--- Data for the task ---

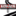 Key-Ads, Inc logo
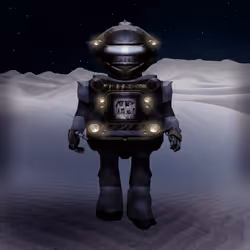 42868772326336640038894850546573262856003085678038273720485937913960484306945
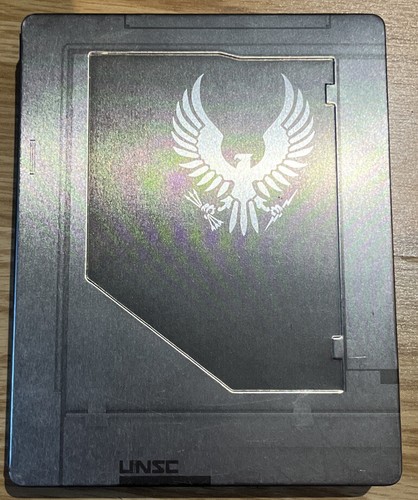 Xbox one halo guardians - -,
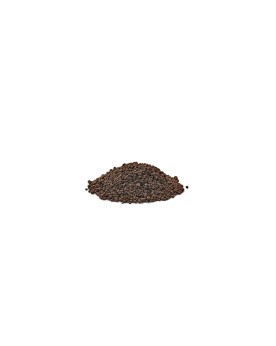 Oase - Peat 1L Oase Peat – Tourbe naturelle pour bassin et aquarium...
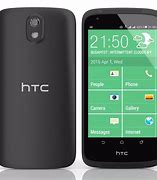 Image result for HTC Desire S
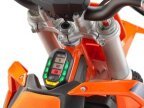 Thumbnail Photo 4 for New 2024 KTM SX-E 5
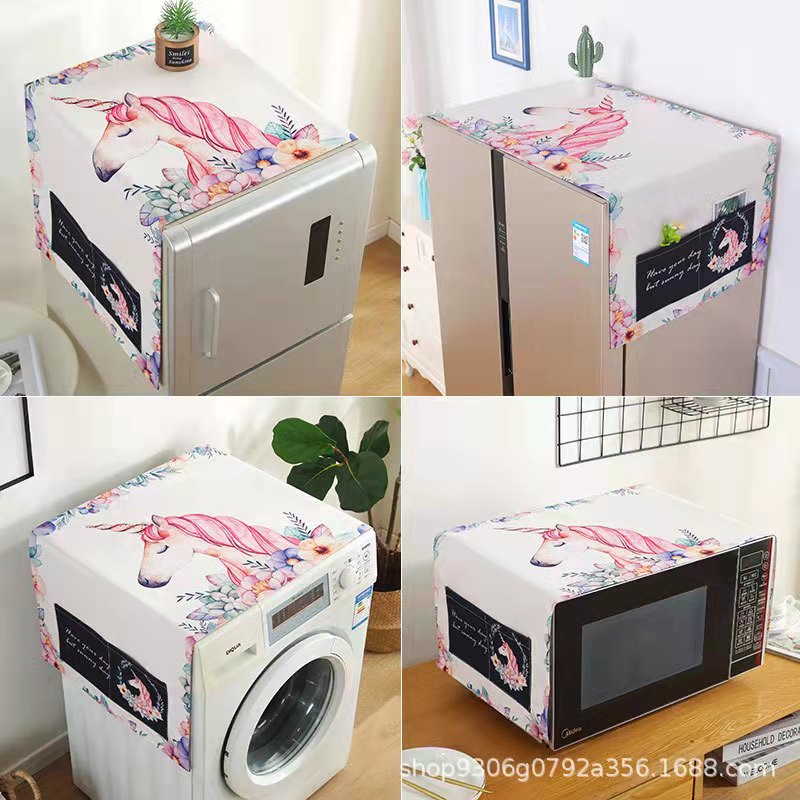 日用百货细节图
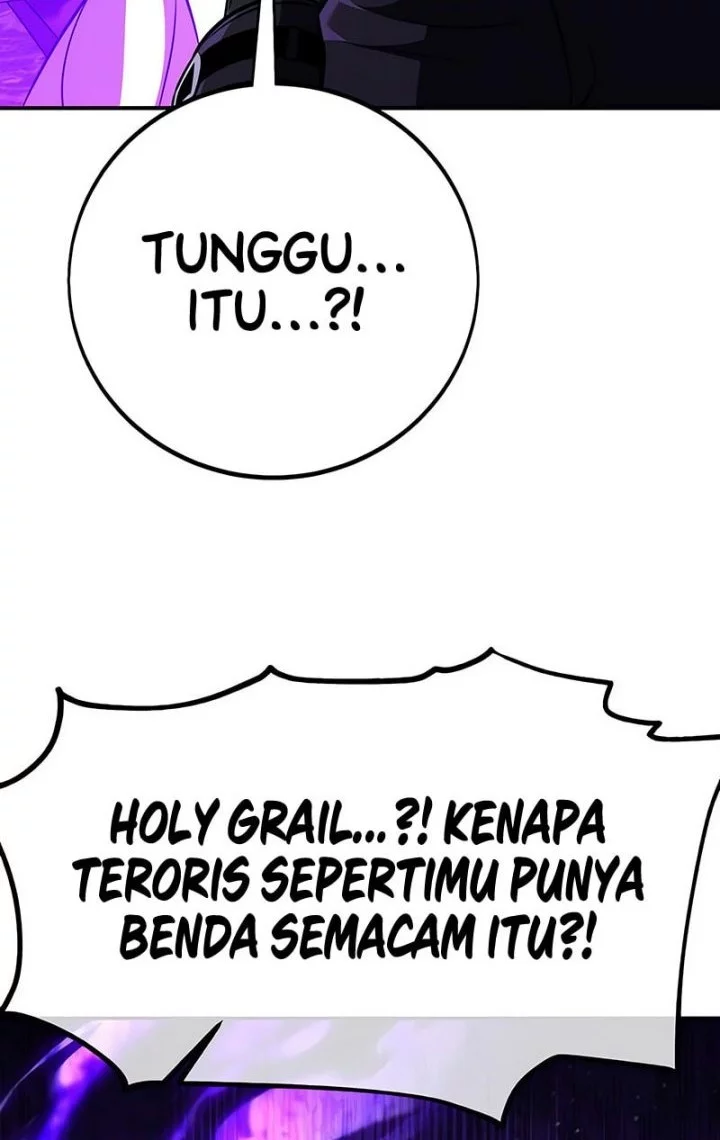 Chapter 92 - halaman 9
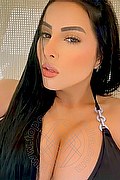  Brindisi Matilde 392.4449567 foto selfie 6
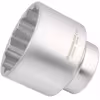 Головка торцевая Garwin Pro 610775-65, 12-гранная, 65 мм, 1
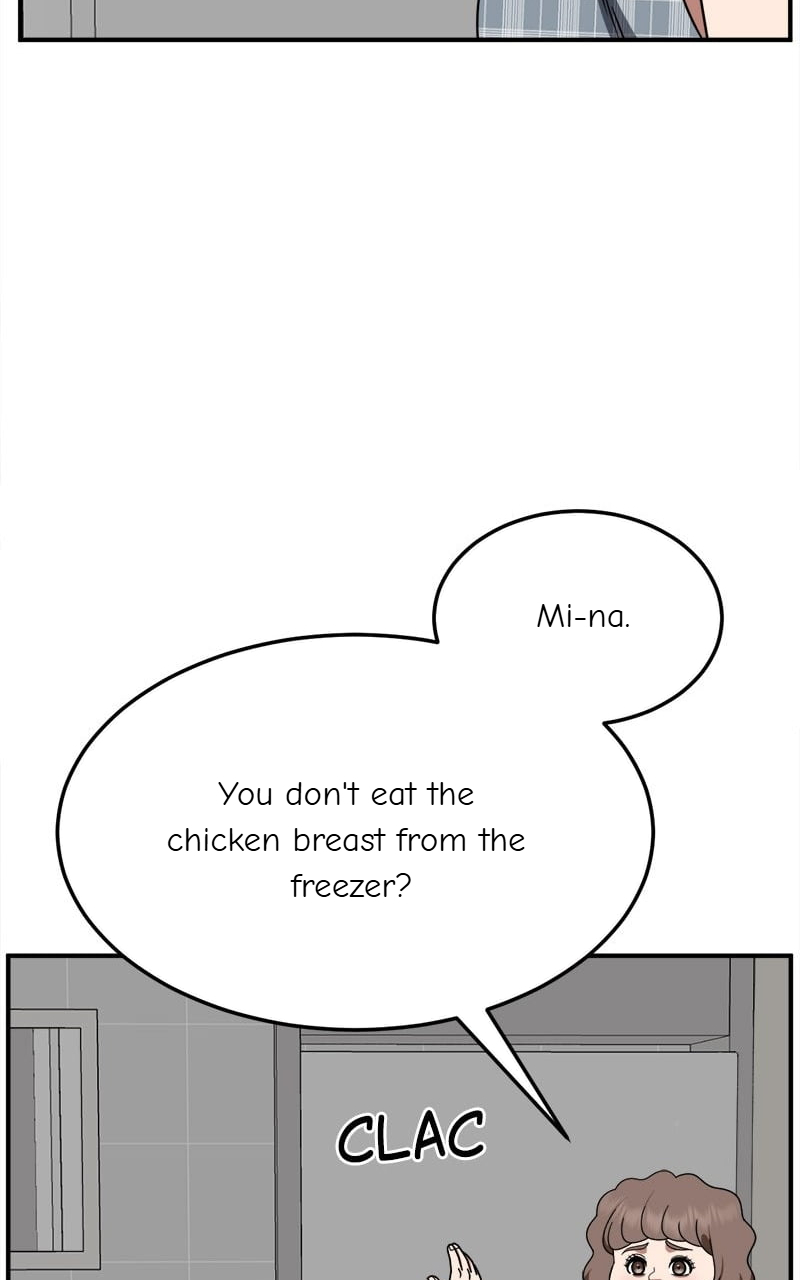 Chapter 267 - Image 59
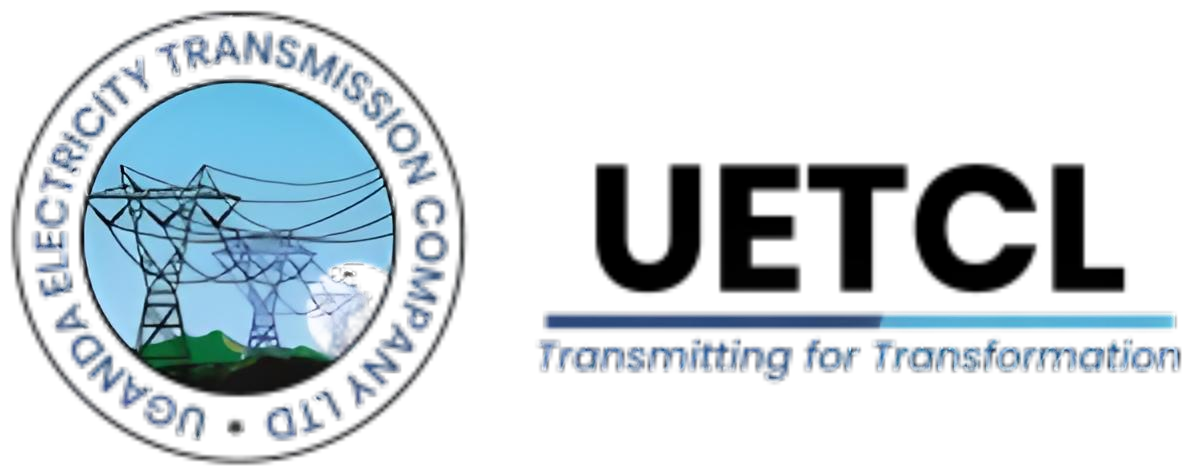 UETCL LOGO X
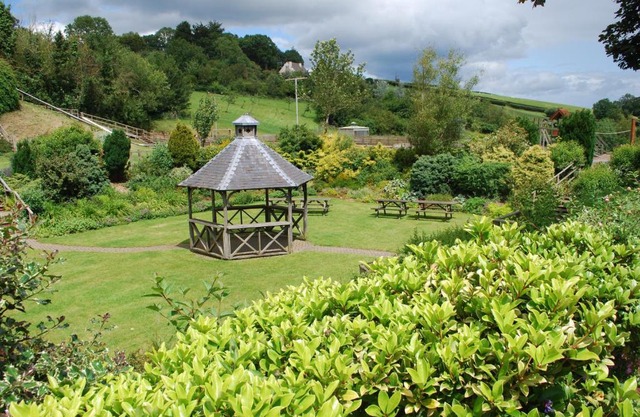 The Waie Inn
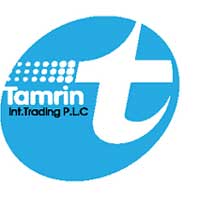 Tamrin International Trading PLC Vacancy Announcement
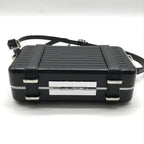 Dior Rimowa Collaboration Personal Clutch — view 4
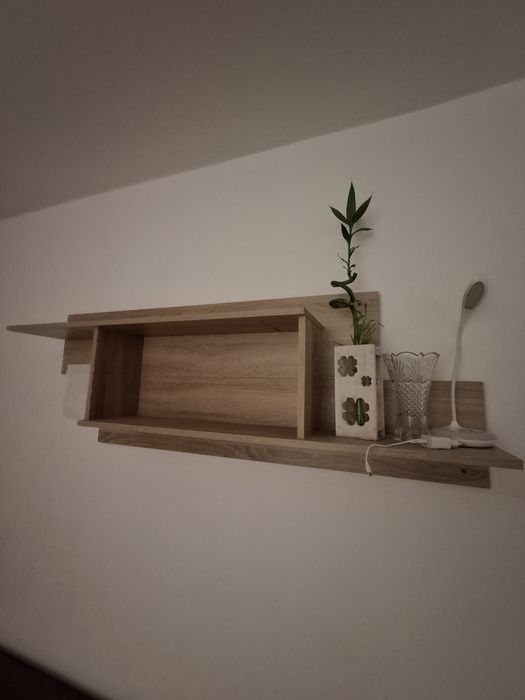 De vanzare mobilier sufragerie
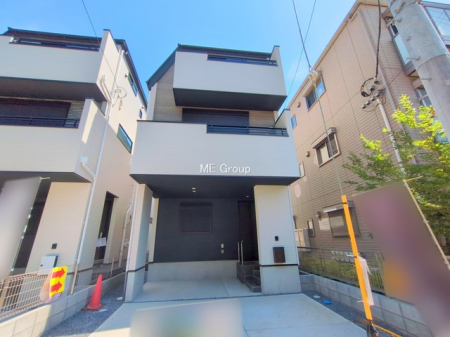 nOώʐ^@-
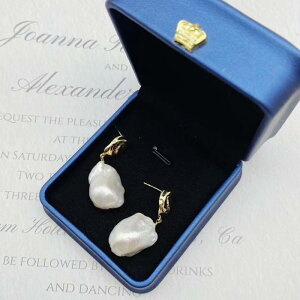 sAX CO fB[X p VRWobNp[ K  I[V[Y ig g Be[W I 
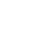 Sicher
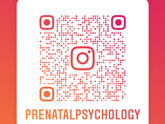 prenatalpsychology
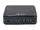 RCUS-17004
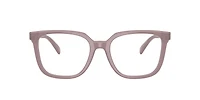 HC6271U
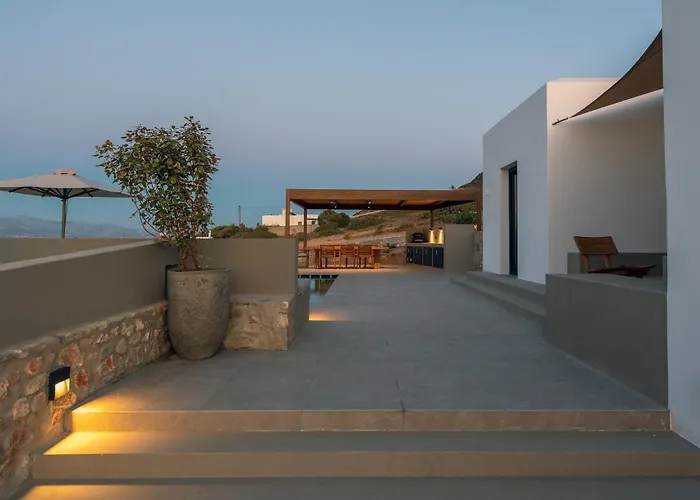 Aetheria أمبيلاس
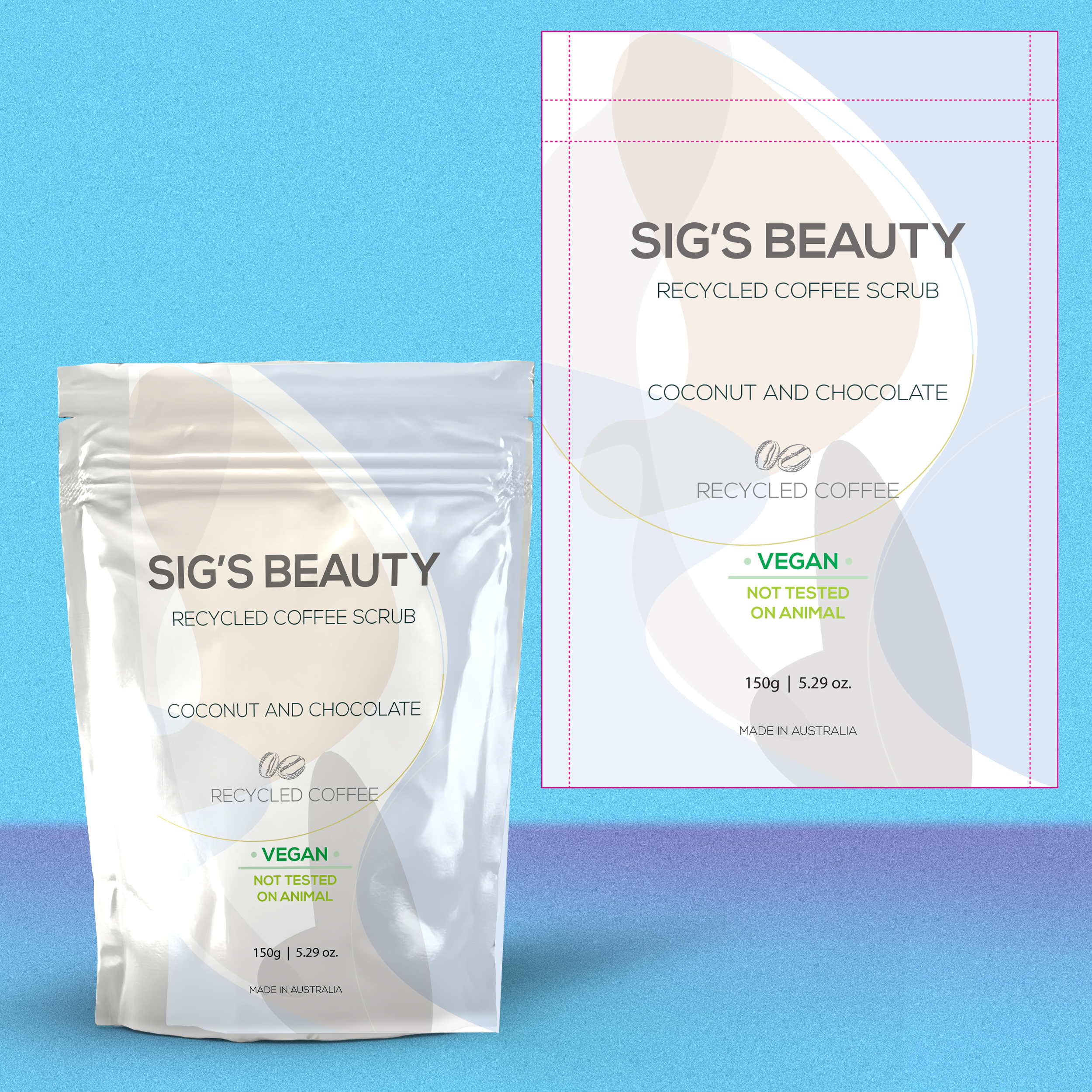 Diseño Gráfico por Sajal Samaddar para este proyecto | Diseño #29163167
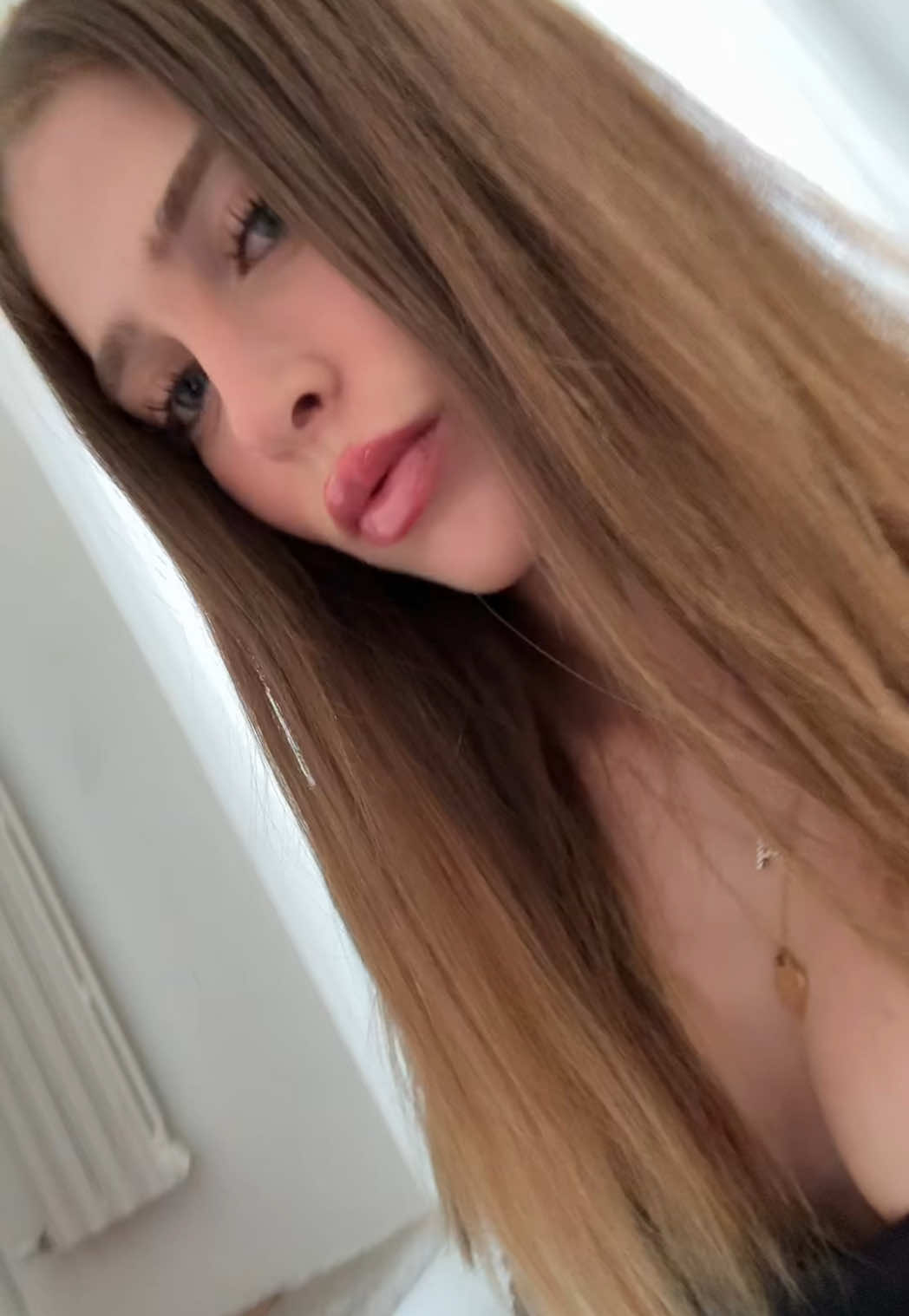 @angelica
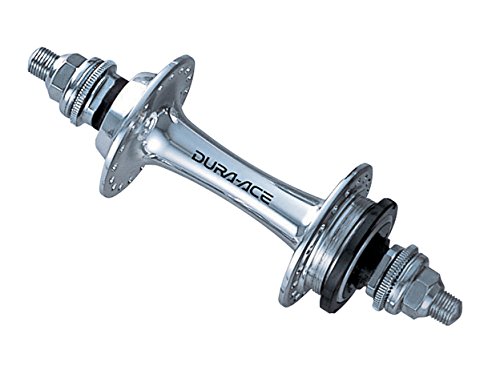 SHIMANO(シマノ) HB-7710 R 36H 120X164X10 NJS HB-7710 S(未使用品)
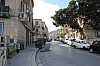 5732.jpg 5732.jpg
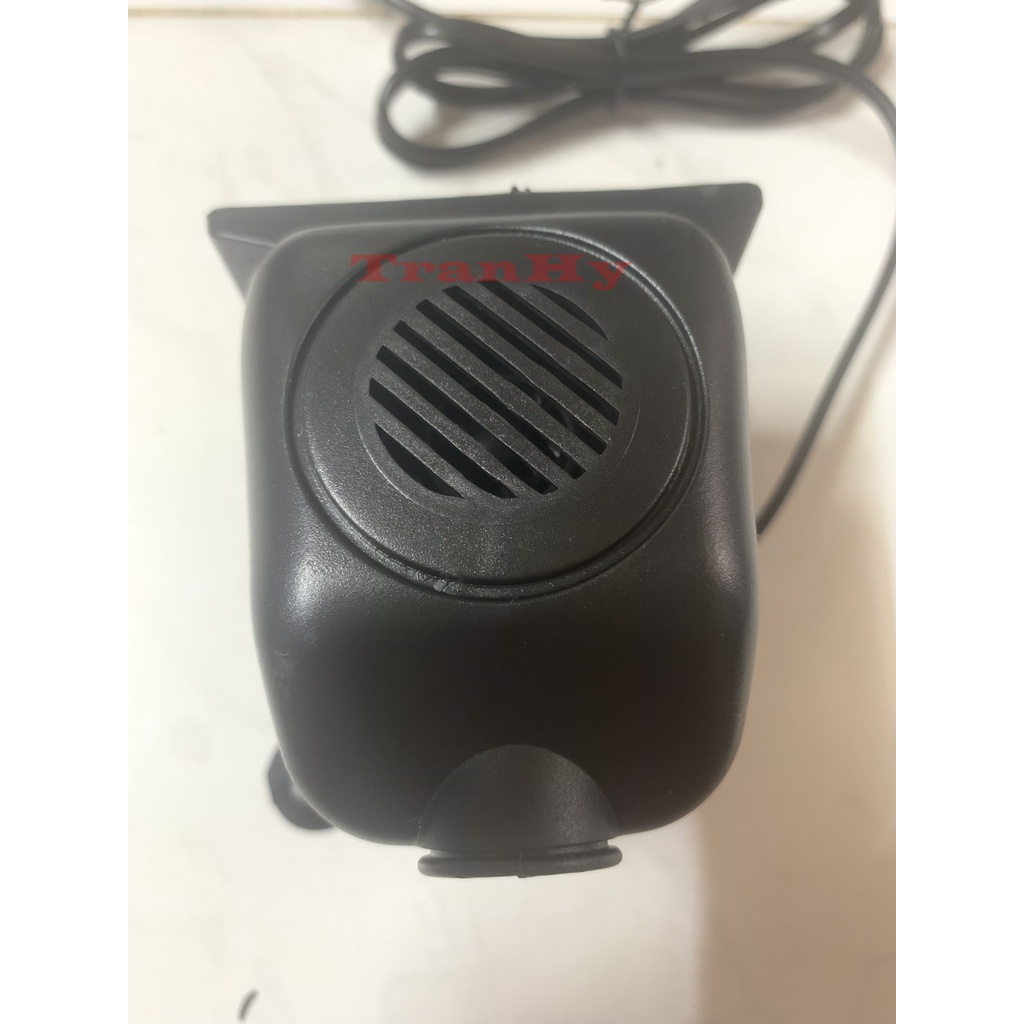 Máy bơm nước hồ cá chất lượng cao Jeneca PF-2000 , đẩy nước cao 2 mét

---

## Task item:
What you return must match, line for line, the records from the line containing "Xbox one halo" through their end, with both ends included and no pictures.

## Finished exercise:
 Xbox one halo guardians - -,
 Oase - Peat 1L Oase Peat – Tourbe naturelle pour bassin et aquarium...
 Image result for HTC Desire S
 Thumbnail Photo 4 for New 2024 KTM SX-E 5
 日用百货细节图
 Chapter 92 - halaman 9
  Brindisi Matilde 392.4449567 foto selfie 6
 Головка торцевая Garwin Pro 610775-65, 12-гранная, 65 мм, 1
 Chapter 267 - Image 59
 UETCL LOGO X
 The Waie Inn
 Tamrin International Trading PLC Vacancy Announcement
 Dior Rimowa Collaboration Personal Clutch — view 4
 De vanzare mobilier sufragerie
 nOώʐ^@-
 sAX CO fB[X p VRWobNp[ K  I[V[Y ig g Be[W I 
 Sicher
 prenatalpsychology
 RCUS-17004
 HC6271U
 Aetheria أمبيلاس
 Diseño Gráfico por Sajal Samaddar para este proyecto | Diseño #29163167
 @angelica
 SHIMANO(シマノ) HB-7710 R 36H 120X164X10 NJS HB-7710 S(未使用品)
 5732.jpg 5732.jpg
 Máy bơm nước hồ cá chất lượng cao Jeneca PF-2000 , đẩy nước cao 2 mét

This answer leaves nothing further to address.